For instance, connect to the directory where I keep my UROP_DNNG scripts: `C:\Users\pfsch\Box Sync\Projects\urop\GitHub_repo\UROP_DNNG`

In [6]:
new_path = r'C:\Users\pfsch\Box Sync\Projects\urop\GitHub_repo\UROP_DNNG'
# Add if logic so that I don't add it numerous times
# Even if I run this cell more than once, it won't add the path more than once
if new_path not in sys.path:
    sys.path.append(new_path)

In [7]:
sys.path

['',
 'C:\\Users\\pfsch\\Anaconda3\\python35.zip',
 'C:\\Users\\pfsch\\Anaconda3\\DLLs',
 'C:\\Users\\pfsch\\Anaconda3\\lib',
 'C:\\Users\\pfsch\\Anaconda3',
 'C:\\Users\\pfsch\\Anaconda3\\lib\\site-packages',
 'C:\\Users\\pfsch\\Anaconda3\\lib\\site-packages\\Sphinx-1.4.6-py3.5.egg',
 'C:\\Users\\pfsch\\Anaconda3\\lib\\site-packages\\win32',
 'C:\\Users\\pfsch\\Anaconda3\\lib\\site-packages\\win32\\lib',
 'C:\\Users\\pfsch\\Anaconda3\\lib\\site-packages\\Pythonwin',
 'C:\\Users\\pfsch\\Anaconda3\\lib\\site-packages\\setuptools-27.2.0-py3.5.egg',
 'C:\\Users\\pfsch\\Anaconda3\\lib\\site-packages\\IPython\\extensions',
 'C:\\Users\\pfsch\\.ipython',
 'C:\\Users\\pfsch\\Box Sync\\Projects\\urop\\GitHub_repo\\UROP_DNNG']

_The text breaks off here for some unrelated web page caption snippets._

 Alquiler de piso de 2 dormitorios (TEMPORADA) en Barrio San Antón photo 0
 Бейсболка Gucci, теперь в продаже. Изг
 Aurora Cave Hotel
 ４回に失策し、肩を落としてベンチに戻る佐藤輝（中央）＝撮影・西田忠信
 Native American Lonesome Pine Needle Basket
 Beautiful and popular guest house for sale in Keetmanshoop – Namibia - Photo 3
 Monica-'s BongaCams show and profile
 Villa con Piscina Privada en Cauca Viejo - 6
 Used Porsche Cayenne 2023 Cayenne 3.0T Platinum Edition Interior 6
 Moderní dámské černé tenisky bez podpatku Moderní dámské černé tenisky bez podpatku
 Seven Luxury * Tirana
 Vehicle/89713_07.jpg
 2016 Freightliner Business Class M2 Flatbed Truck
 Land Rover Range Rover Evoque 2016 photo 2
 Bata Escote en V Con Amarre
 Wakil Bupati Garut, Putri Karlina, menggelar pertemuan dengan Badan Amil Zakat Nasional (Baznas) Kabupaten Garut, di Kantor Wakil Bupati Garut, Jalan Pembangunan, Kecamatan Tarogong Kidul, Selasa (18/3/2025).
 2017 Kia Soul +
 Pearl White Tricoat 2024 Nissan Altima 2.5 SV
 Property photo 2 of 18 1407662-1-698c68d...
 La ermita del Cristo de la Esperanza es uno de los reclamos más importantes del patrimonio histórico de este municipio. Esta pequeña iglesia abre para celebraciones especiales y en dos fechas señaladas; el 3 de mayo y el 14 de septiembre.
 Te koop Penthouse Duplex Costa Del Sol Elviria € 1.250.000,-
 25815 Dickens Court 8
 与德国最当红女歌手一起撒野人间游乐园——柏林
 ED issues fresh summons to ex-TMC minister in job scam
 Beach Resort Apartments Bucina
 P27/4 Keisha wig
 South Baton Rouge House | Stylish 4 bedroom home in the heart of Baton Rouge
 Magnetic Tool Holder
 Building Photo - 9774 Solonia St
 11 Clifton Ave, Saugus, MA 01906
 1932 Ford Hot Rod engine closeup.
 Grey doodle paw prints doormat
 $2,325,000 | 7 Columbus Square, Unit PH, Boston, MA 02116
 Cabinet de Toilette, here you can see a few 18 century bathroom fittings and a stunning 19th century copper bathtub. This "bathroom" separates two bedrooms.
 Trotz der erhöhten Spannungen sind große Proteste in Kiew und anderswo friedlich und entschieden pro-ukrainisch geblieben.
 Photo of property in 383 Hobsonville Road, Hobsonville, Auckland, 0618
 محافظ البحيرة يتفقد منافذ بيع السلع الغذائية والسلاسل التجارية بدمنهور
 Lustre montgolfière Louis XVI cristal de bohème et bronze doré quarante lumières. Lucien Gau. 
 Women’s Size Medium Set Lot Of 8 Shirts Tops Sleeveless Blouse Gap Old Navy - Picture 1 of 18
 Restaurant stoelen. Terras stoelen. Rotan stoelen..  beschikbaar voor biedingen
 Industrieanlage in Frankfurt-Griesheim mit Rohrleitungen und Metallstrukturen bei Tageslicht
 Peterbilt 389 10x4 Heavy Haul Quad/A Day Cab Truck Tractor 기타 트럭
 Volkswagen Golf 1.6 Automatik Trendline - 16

## Find the path of a module
A handy built-in capability for finding the path where a module's raw source code is located: If I import a module called `new_module`, I can use the command `new_module.__file__` to find where the source code is located on my machine. Try this out with the `os` module:

In [87]:
os.__file__

'C:\\Users\\pfsch\\Anaconda3\\lib\\os.py'

In [90]:
import numpy as np
np.__file__

'C:\\Users\\pfsch\\Anaconda3\\lib\\site-packages\\numpy\\__init__.py'

Imagine you write a module that depends on static text files. I want the module to know how to find those files independent of where it's deployed (assuming it has the same directory structure). Use that file attribute `new_module.__file__` as the base path for all relative paths. 

## Future option: Pip packages
In the future, when my packges are stable, I can install the module to python using pip. In this case, I would not have to add the path that holds my scripts in each instance of python. Pip would install the module into the `site-packages` directory which is part of `sys.path`.

If I later needed to modify a package that I had already installed using pip, I would have to reinstall it and pip would overwrite the previous version.

This is the same logic as using `pip install numpy` or any other similar package.

In order to do this, I would have to look up `setup.py python` to figure out how to package up my code for pip to operate on.